Through March, the Treasury and Reserve Bank met with a range of businesses and economists from New Zealand (NZ) organisations. These insights inform our understanding of the business environment and will feed into our forecasts in the upcoming Budget Economic and Fiscal Update published in May.

Businesses are proceeding with caution...

To date, New Zealand businesses are reporting that they are proceeding with caution and are anticipating business conditions to improve in 2026. Our talks confirm that the economic recovery is emerging in particular sectors with business confidence elevated since our previous discussions in September.

Retail and construction firms’ activity remains subdued as the falls in the Official Cash Rate (OCR) have yet to pass through to household consumption, while persistently high costs further constrain household spending. Businesses involved in tourism and commodity exports were more optimistic amid favourable operating conditions. The divergence in trading conditions between export and domestic orientated firms was also highlighted in our previous Fortnightly Economic Update. December quarter GDP data confirmed that construction and retail trade was weak, while travel service exports had surged. On top of that, agricultural incomes have been supported by strong commodity prices recently.

...Facing a two-speed economy with weaknesses in city centres

One of the most notable themes we observed were of an economic divergence between rural and metropolitan regions. The strongest rural performers were in the Canterbury region, while the weaker metro areas were Auckland, Wellington and Hamilton. New Zealand economists’ judgement corroborated an emerging metro-rural divide, noting residential construction weakness in cities. Construction firms observed that improving working from home arrangements likely drove relatively stronger housing activity in Taranaki and Otago regions. While internal migration throughout New Zealand was at play.

Regions with a concentrated primary industry found economic support through the so-called ‘perfect trifecta’ of factors. Favourable pasture growth conditions, a weak NZ dollar and high commodity prices has lifted on-farm profitability. Record high prices and easing on-farm inflation has provided a welcome relief to dairy, beef and lamb farmers, who previously faced squeezed margins.

Rural retailers reported that recent profit optimism led to a pick-up in sales of farm consumables. Some farmers have also resumed new or previously deferred capital investment. However, balance sheet repair and debt repayment remain priorities. Rural New Zealand remains cautiously optimistic, operating in an encouraging but globally uncertain environment.

Soft labour market makes it easier to find labour

Hiring managers reported an overall improvement in labour availability. Firms received more applications for job advertisements from candidates with relevant experience and skills. While business confidence surveys have shown improving employment intentions, our talks indicated that firms have low hiring intentions in the near-term, while others are looking to scale back staff to manage high operational costs. Businesses expected average wage settlements of 2-3% in the coming year, aligning with the labour market’s current high supply and low demand conditions. These talks were broadly consistent with what we’re seeing in the monthly employment data.

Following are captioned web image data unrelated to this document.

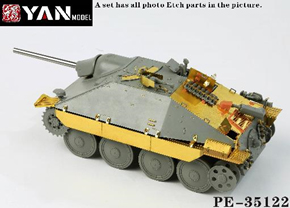 1/35 38式軽駆逐戦車 ヘッツァー 後期型ディテールパーツセット (タコム用)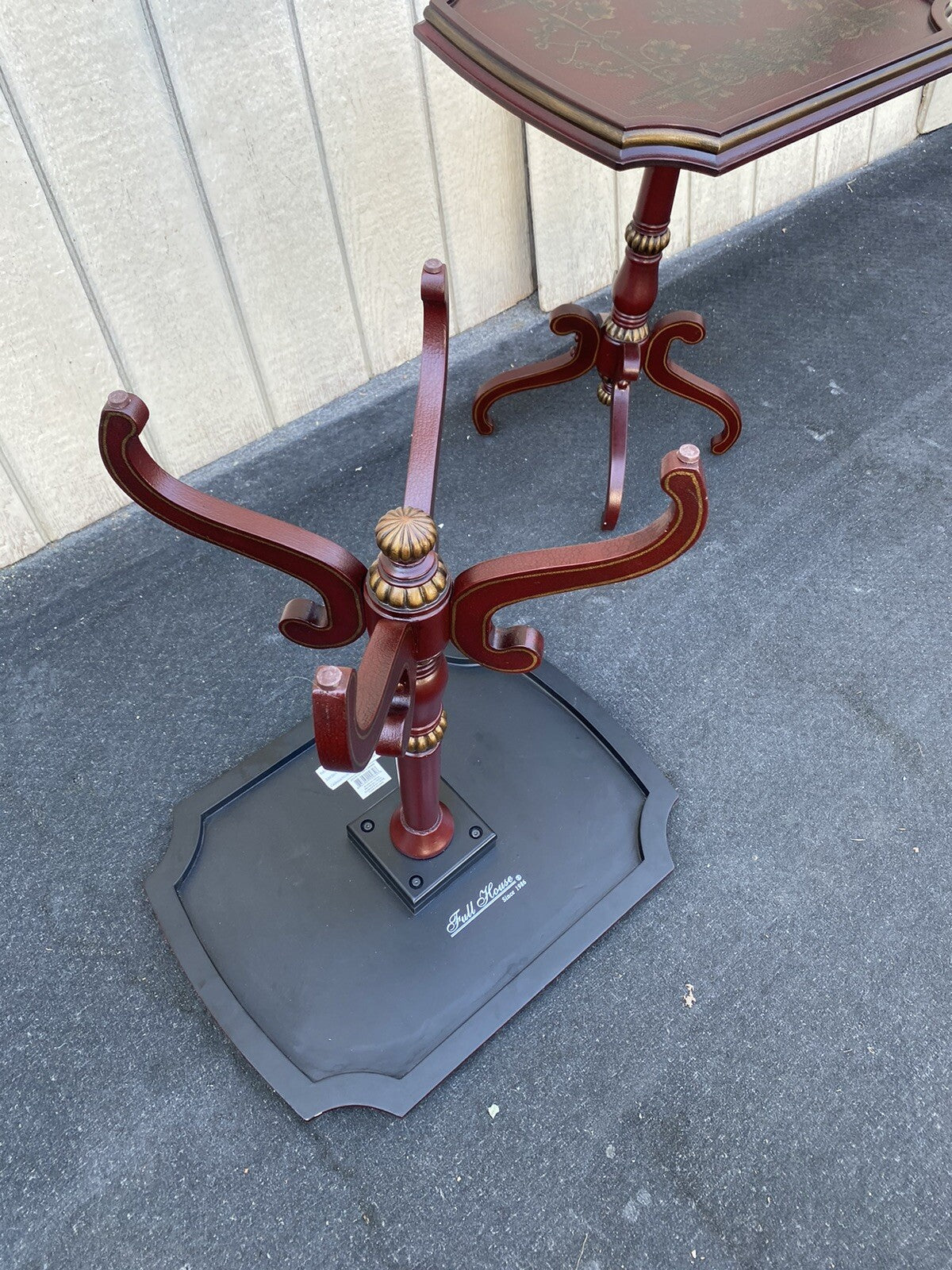 65716  Pair Decorator FULL HOUSE Furniture Decorator Lamp Table Stands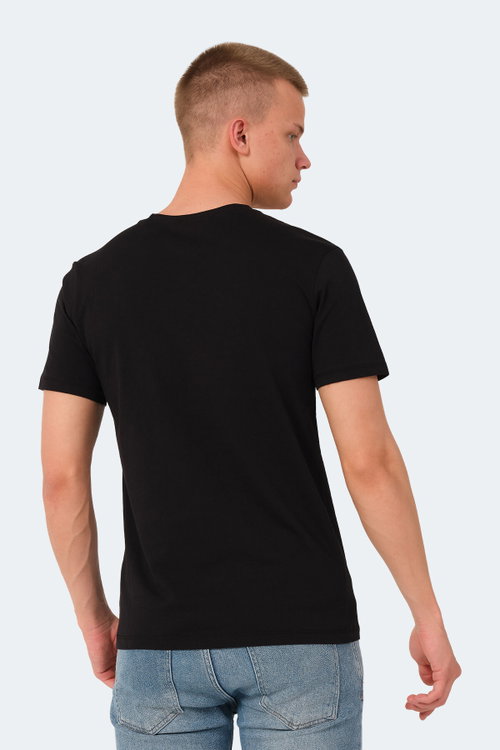 Slazenger VESELA 2 Lİ SET Erkek Siyah -Taş Gri Tişört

Compared to unskilled labour, firms also say it’s harder to find skilled labour, particularly among construction and manufacturing firms looking for highly skilled and specialised staff. Firms shared their concerns about losing workers to overseas, noting Australia’s comparatively stronger financial and labour market incentives to attract employees.

Global uncertainty weighs on optimism

New Zealand firms with a strong balance sheet remain committed to their long-term investment plans. A strong financial position can guard against short-term variability, allowing businesses to take opportunities when identified. Although firms commented on heighted trade tensions reducing general optimism, it was current trading conditions that really drove some investment decisions. US trade uncertainty was a key theme of our talks but there were few signs that this has had an impact on investment or decision-making at the time.

Housing construction passed its trough, but growth is slow

Consistent with the housing market data, the insights from construction firms pointed to gradual improvements to New Zealand’s housing market since its recent 2023 low. However, we’re hearing that elevated housing stock – both on-market and from additions of new developments – is constraining residential investment and suppressing price growth. Although regions like Taranaki performed stronger than Auckland, there is a nationwide trend favouring renovation projects over new builds. Property developers also noted that lead times in consent issuance for projects on flood-risk land further slowed construction activity.

As interest rates have eased, housing developers have noticed an increase in enquiries nationwide. This is yet to be converted into tangible projects and activity.